1. Create a generic Shape class having methods to determine the area and perimeter of a shape, and then create an appropriate class hierarchy for the following specific shapes: circles, equilateral triangles, squares, rectangles, and pentagons. Note that a square is a special rectangle whose length is equal to its width.
The Shape class should also include a static variable to keep track of the number of shapes that has been initiated at any time. Then, illustrate polymorphic behavior by creating shapes of each type and determining their area and perimeter using references to the generic shape.
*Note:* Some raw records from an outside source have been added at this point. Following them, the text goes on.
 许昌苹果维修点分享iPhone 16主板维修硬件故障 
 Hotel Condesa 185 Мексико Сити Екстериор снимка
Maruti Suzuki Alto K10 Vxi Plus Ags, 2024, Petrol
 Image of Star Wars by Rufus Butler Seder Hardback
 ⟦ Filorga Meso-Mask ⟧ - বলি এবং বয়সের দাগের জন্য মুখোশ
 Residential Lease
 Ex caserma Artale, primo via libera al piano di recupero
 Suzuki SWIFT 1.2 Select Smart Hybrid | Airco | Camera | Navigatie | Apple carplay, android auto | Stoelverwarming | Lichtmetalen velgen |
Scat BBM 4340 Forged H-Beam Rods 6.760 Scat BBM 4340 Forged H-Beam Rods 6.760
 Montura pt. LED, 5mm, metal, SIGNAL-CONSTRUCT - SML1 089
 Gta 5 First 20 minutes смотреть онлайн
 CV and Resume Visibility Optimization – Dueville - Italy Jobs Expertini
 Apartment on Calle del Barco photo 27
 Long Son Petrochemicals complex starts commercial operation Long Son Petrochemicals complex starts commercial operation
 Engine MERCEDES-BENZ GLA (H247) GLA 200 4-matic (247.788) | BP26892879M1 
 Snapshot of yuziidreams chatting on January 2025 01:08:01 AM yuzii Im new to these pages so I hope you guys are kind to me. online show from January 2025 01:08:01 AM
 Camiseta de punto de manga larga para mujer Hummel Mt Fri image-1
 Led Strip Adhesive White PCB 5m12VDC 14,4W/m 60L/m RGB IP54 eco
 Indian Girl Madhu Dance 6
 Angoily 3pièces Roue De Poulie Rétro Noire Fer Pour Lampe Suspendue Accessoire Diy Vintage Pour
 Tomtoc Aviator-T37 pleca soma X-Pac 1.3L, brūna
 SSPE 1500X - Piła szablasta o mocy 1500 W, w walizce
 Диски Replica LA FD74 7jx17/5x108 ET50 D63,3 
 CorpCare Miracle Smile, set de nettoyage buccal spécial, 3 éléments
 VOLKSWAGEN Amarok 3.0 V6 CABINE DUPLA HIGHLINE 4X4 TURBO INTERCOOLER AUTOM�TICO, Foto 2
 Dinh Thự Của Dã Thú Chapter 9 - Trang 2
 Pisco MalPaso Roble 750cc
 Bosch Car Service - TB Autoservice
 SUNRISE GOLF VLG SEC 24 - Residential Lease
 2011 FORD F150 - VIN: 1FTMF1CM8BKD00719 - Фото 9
Each class will need constructors capable of creating the appropriate objects. For circles, the constructor will need the radius r. For equilateral triangles, the constructor will need the length of a side s. For rectangles, the constructor will need the length l and width w. For squares, the constructor will need the length of a side s. For pentagons, the constructor will need the length of a side s.
Each of these classes will contain area, perimeter, and toString methods, returning the area, perimeter, and a string representation of the shape respectively. Shape class itself will not be instantiable. Decide on and implement an efficient way to report the number of shapes that has been initiated at any time.
2. Replace the abstract class Shape in (1) above by an interface called Shape, and make all of the former classes of Shape implement the new interface. Create a test program that calls the interface methods with Circles, Triangles, etc, to show that the interface calls the proper version of each method for each object.